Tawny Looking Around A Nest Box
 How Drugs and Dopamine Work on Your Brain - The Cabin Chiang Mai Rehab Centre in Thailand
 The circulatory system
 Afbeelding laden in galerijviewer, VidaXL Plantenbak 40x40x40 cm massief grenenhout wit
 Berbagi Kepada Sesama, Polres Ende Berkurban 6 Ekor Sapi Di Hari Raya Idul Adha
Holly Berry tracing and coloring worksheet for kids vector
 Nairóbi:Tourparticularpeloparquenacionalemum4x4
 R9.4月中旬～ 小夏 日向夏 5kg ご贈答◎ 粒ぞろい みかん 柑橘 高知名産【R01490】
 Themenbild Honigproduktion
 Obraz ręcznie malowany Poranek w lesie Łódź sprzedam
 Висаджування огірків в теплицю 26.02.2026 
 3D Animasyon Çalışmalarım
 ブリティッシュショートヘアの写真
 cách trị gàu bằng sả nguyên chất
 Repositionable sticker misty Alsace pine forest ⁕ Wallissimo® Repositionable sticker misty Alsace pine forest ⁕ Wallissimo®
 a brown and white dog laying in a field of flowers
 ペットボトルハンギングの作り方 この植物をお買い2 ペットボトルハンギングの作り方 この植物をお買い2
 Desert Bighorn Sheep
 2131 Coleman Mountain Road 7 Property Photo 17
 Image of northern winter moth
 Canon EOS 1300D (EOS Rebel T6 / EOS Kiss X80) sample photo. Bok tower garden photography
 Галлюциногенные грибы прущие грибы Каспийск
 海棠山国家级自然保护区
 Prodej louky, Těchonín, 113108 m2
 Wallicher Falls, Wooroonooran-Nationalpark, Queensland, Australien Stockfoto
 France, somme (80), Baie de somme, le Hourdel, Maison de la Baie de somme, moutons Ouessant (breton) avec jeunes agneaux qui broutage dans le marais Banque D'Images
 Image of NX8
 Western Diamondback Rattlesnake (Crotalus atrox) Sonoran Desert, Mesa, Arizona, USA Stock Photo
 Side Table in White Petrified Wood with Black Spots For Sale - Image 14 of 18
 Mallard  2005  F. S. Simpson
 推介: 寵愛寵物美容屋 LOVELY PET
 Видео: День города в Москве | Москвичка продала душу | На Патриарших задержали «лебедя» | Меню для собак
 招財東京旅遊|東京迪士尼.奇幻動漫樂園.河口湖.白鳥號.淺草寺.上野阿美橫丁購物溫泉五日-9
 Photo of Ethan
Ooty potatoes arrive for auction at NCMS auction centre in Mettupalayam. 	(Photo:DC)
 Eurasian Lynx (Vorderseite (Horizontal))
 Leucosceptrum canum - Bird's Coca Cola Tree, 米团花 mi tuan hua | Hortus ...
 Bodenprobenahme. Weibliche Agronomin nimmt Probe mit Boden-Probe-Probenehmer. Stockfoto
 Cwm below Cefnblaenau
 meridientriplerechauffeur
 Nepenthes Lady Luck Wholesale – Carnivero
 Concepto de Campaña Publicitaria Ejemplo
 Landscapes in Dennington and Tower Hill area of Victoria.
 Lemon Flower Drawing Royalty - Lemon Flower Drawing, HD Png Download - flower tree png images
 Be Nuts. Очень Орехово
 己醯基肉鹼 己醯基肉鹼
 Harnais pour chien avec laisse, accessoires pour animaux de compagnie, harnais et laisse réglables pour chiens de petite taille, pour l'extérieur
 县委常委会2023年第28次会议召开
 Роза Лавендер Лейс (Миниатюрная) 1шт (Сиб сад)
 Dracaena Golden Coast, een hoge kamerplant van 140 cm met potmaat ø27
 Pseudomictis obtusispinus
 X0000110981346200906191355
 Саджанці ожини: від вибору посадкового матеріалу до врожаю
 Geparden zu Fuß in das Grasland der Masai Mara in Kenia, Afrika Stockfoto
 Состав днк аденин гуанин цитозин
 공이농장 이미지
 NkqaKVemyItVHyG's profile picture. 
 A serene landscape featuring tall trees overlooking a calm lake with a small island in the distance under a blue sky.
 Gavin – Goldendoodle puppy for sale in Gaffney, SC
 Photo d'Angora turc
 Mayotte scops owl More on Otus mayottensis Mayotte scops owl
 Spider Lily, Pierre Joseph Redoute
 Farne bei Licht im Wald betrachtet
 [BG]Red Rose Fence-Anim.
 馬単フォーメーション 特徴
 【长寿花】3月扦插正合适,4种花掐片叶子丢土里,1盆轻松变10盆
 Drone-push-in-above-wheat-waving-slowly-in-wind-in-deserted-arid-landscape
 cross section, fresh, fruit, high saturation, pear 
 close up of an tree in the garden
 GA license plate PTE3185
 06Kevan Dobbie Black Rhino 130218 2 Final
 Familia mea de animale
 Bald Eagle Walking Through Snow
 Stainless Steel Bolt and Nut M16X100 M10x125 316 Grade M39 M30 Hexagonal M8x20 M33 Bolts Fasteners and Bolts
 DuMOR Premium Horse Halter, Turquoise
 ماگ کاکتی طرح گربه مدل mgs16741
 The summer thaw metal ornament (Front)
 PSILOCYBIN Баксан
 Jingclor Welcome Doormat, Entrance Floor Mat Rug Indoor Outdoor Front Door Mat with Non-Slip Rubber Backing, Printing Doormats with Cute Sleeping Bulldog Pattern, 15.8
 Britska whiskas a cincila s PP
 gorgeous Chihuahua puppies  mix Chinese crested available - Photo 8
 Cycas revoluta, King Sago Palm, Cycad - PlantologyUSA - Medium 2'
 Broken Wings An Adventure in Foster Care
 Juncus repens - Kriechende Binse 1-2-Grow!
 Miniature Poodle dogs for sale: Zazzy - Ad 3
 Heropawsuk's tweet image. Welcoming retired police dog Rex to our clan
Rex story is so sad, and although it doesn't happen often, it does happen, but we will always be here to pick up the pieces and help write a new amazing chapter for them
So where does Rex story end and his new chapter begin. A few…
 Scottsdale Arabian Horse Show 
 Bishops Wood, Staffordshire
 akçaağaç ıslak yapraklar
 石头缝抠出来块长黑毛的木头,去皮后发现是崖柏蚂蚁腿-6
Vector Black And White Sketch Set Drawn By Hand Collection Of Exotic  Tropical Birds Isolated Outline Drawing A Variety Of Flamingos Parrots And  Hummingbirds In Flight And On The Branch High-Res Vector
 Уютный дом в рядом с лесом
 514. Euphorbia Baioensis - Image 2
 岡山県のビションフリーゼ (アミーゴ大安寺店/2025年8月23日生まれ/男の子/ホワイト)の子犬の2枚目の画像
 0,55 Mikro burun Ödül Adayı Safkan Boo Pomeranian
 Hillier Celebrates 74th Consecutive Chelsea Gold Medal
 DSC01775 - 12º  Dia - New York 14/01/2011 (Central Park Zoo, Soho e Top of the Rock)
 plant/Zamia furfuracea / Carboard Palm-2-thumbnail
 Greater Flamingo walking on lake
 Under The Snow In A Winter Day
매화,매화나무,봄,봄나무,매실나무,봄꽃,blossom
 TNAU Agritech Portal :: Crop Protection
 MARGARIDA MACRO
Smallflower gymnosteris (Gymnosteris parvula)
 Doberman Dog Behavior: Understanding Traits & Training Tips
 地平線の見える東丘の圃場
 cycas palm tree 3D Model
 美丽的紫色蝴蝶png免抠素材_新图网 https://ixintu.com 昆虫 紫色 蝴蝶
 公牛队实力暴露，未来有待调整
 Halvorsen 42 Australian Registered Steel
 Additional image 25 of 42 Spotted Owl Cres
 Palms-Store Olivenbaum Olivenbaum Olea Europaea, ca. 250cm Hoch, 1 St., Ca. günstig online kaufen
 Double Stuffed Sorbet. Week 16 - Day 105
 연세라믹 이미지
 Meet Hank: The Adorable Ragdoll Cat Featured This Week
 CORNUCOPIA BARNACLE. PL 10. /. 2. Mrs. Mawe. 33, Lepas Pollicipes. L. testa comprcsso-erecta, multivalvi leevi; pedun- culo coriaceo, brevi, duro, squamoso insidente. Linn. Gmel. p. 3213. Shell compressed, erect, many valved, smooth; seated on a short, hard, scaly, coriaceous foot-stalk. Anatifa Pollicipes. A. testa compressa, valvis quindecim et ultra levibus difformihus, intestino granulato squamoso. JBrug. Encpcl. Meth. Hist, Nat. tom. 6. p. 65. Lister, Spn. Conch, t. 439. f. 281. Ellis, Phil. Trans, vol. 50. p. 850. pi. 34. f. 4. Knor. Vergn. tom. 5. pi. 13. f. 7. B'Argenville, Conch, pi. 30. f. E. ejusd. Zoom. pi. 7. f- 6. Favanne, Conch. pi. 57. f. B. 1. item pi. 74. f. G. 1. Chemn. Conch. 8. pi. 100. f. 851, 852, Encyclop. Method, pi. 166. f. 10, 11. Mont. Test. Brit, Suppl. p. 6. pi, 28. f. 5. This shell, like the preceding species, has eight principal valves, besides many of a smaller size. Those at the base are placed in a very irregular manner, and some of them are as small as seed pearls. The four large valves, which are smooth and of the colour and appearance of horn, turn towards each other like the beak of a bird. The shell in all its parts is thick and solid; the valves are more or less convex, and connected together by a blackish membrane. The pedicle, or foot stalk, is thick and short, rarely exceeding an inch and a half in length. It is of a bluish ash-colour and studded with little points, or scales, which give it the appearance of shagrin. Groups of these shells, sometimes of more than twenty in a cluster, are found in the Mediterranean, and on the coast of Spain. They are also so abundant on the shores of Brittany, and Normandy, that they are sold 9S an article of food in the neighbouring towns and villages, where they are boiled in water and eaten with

***

WORK ITEM: Find "garden" in the preceding records. Copy each line that holds it.

OUTPUT FOR THIS EXERCISE:
 Canon EOS 1300D (EOS Rebel T6 / EOS Kiss X80) sample photo. Bok tower garden photography
 close up of an tree in the garden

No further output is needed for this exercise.